PROBLEM DETAILS
What is needed is an exact copy of every line from the one containing "Pixel Spaceships Pattern" through the end of the entries; please set it down without any pictures.

[Captioned web image data]
=== Begin Enclosure ===

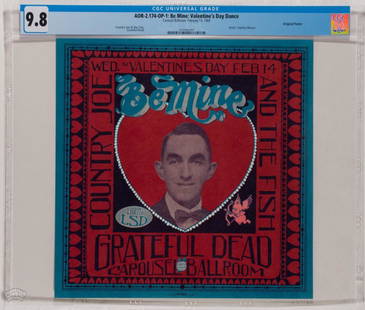 1968 AOR-2.174 Grateful Dead Carousel Poster 9.8: High quality CGC Graded 9.8 condition! This first printing poster from a Valentines Day Dance at the Carousel Ballroom is a Grateful Dead Classic. It's Stanley Mouse's riff on a vintage Valent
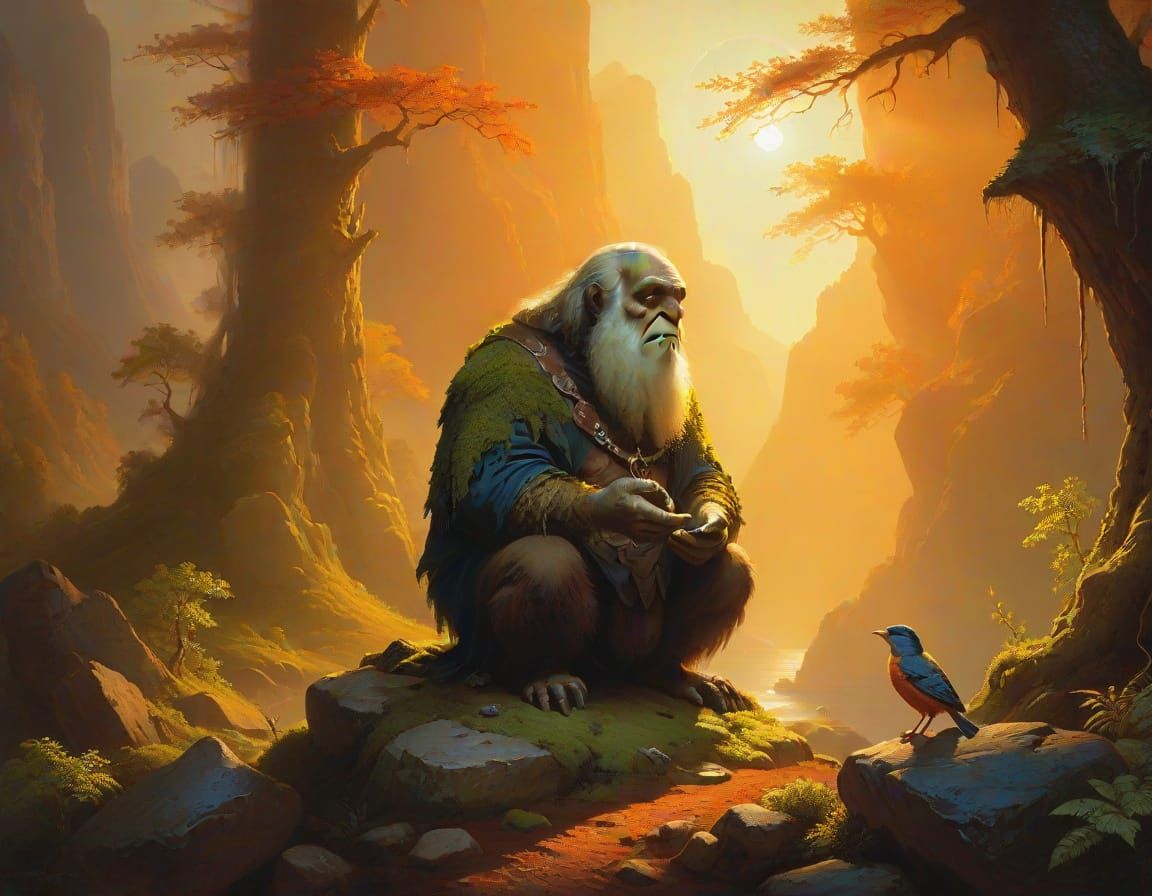 Moss Giant Cradling Bird: Oil Painting in Sunlight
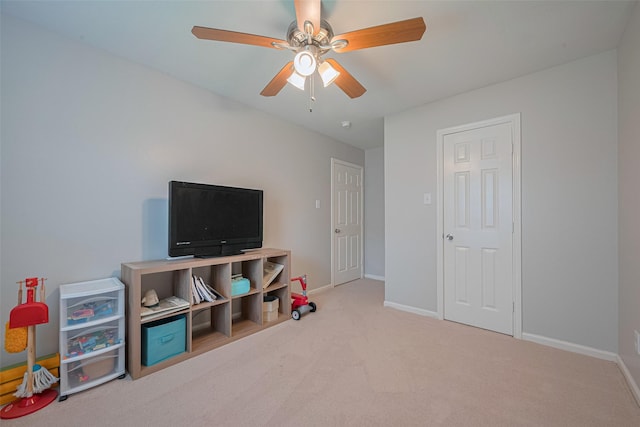 12005 Green Falls Dr, Pearland, TX 77584 - playroom with carpet and a ceiling fan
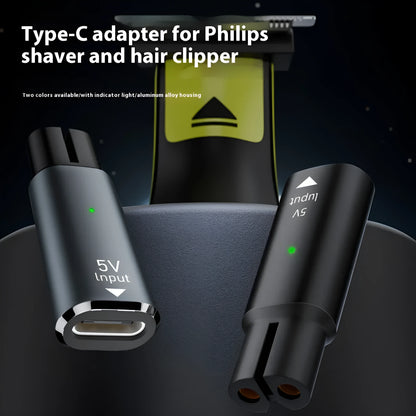 USB-C electric shaver hair clipper charging adapter with aluminium alloy housing measuring 6.5cm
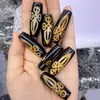 Joyería DIY con Cuentas, Collares, Pulseras, Cuentas de Buda, Ágata Negra Antigua de Tíbet Weathered, Maza Vajra, Cuentas de Dharma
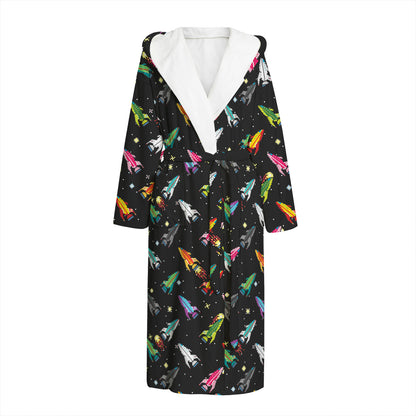 Pixel Spaceships Pattern Print Hooded Bathrobe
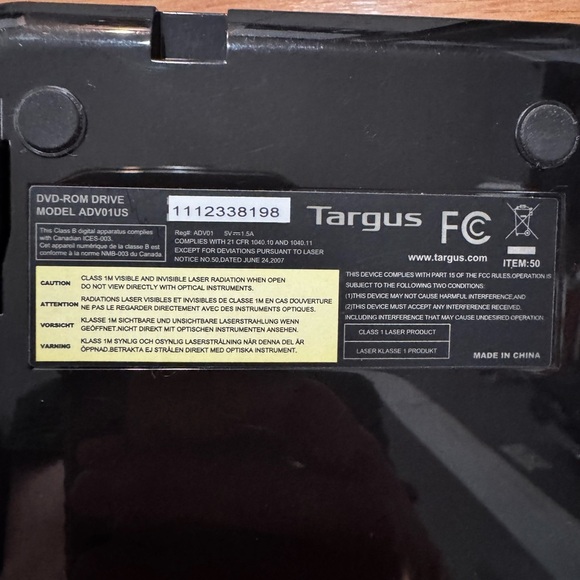 TARGUS DVD-ROM EXTERNAL USB 2.0 DRIVE PIANO BLACK ADV01US TESTED - WORKS - Picture 5 of 10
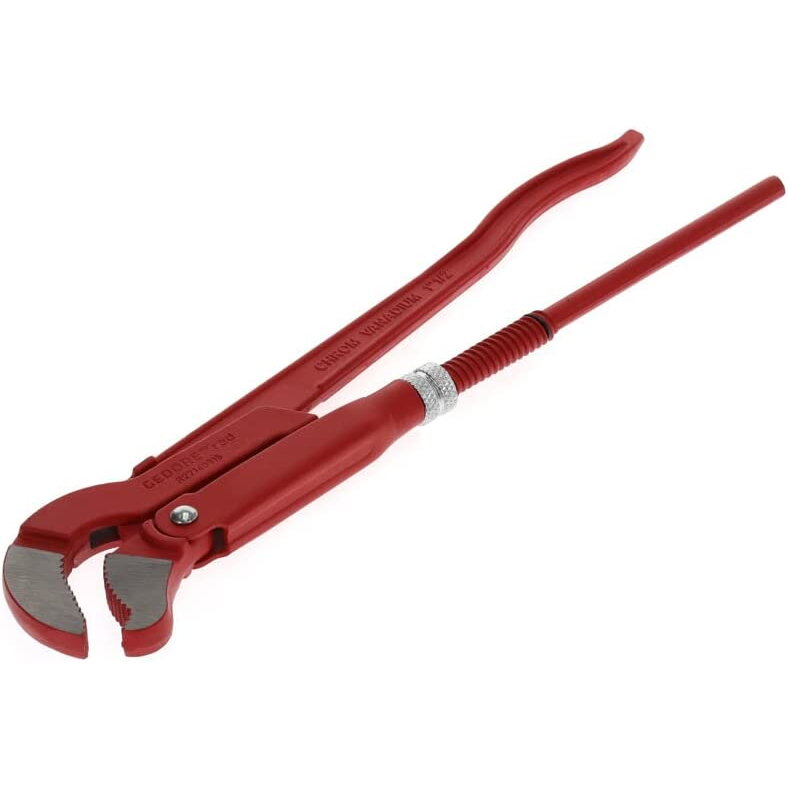 Red corner pipe wrench, 420mm, pipe / water pump pliers (red, for pipe up to 1.1/2 , 55mm)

=== End Enclosure ===

EXERCISE RESPONSE
 Pixel Spaceships Pattern Print Hooded Bathrobe
 TARGUS DVD-ROM EXTERNAL USB 2.0 DRIVE PIANO BLACK ADV01US TESTED - WORKS - Picture 5 of 10
 Red corner pipe wrench, 420mm, pipe / water pump pliers (red, for pipe up to 1.1/2 , 55mm)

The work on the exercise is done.